Pros: Fantastic image quality, IS
None really, although as usual with the non Ls you have to buy the expensive ($50+) hood (which I found hard to find)

I sold my 35L and got this instead. The 35L is a superb lens with lots of character, but after 4 years with it I got the 35/IS because of its much smaller size and weight. The 35L is a large lens and, after a while, this becomes wearing as the number of shots I took at f1.4 are a small percentage of the total, so I was carrying the extra bulk to little advantage. To me, for a 35mm, f2 is plenty fast enough.

It has great build quality and imagery is as good as it gets - to my eyes superior to the 35L at f2 and then there is IS on top. It's not a small lens but not large either. AF is accurate all the time - probably not something you can say about the Sigma 35/1.4 (as good as it is). If you want a big, "prestige" optic you can brag about to your friends then this lens won't do it, but if you just want to take great 35mm shots with an equivalent light gathering power of an f1 lens or so, together with excellent performance, then this is the lens for you.

Canon EF 24mm f/2.8 IS USM

Review Date: Mar 25, 2014 Recommend? yes | Price paid: $650.00 | Rating: 9 

Pros: Sharp, IS
No hood included

This is a first class modern optic, superbly well corrected and with no worrying distortion - I have no idea why the reviewer before me says there is. It has less distortion than any of the other Canon options at 24mm except the TSE II- not as little as the 35mm or a good 50+ lens, but excellent for a wide angle.

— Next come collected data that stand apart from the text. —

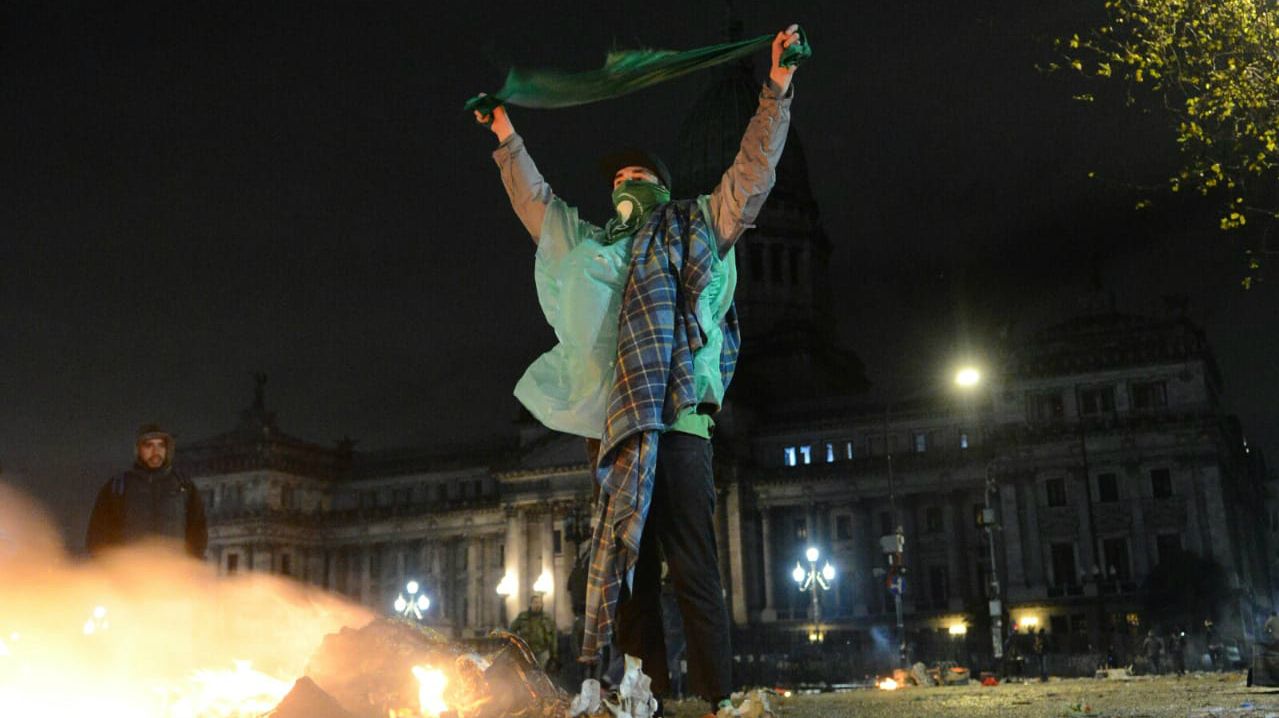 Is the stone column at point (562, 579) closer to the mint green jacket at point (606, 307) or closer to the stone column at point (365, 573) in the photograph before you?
the stone column at point (365, 573)

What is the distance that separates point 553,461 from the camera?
7931cm

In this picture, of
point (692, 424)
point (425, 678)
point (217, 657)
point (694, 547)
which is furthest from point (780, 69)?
point (217, 657)

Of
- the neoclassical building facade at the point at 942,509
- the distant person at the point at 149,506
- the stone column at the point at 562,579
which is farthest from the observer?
the stone column at the point at 562,579

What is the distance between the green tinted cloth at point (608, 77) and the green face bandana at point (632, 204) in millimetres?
486

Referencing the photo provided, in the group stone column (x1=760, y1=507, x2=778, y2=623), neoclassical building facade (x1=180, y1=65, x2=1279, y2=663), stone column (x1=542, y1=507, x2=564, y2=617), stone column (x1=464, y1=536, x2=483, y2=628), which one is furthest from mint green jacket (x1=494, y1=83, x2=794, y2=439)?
stone column (x1=464, y1=536, x2=483, y2=628)

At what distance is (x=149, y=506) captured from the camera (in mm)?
9203

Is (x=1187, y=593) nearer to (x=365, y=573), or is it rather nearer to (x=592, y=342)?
(x=365, y=573)

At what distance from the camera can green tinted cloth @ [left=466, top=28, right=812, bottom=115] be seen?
19.3ft

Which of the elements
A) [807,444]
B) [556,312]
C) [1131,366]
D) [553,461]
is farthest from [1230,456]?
[556,312]

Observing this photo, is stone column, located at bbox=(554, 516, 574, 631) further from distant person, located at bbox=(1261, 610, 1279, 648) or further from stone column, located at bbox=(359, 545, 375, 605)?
distant person, located at bbox=(1261, 610, 1279, 648)

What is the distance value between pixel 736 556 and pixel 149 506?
217 ft

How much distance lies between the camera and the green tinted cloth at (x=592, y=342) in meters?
5.80

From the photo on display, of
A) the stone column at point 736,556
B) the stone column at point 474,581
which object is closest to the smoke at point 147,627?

Very useable at full aperture and the IS gives you 2 stops. Small and light. The price is very reasonable now it has come down from its initial heights. The hood however is rather expensive at $50 and does not attach as firmly as with the earlier 24mm f2.8.

This was a luxury purchase for me because I was impressed with the original EF 24/2.8, but the IS is nice to have and this brings the apparent crispness up to match a good 35/50mm lens at f2.8. Is it worth upgrading from the original 24/2.8? Logically probably not, but you can see the improvement in your files and the lack of chromatic aberrations at wider apertures is a plus. Highly recommended.

Canon EF 24mm f/2.8

Review Date: Dec 19, 2012 Recommend? yes | Price paid: Not Indicated | Rating: 9 

Pros: Good image quality even at full aperture. Cheap. Light weight. Handles well with dedicated hood.
No USM. Color fringing present at high contrast boundaries. Build quality only adequate. Some distortion.

This lens is an older design and was never particularly expensive. It does not inspire with its build quality which is adequate However this does not matter as it is a surprisingly good performer. Completely useable wide open on a full frame 5DmkII and gets even better stopped down. Some color fringing is noticeable at harsh contrast transitions - this can be removed in post processing. This is not an important issue in practice. AF is accurate but is not USM. I don't care about this since I find AF accurate, so I don't miund switching to MF when I need to focus manually. In performance terms it compares very well with the 24L at about 1/4 to a 1/5 the price. The L is faster and has better central resolution so shows a little more "snap", however the edge resolution is indistinguishable from the more expensive lens. Bokeh is OK but not stellar (few, if any, lenses of this focal length have great bokeh). There is some distortion, but about the same as its competitors. Wouldn't it be nice to get a non-TS 24 lens with negligeable distortion? To sum up: this is a bargain lens but with good-to-excellent performance. I periodically think about replacing it with a nicer 24/25mm lens (TS 24/Zeiss ZE 25/2) , but I have yet to decide that the much more expensive lenses really have much extra to offer for full frame, general use given their extra cost, larger size and greater weight . This is a superior lens to the equally old 28/2.8 and it is certainly staying in my bag.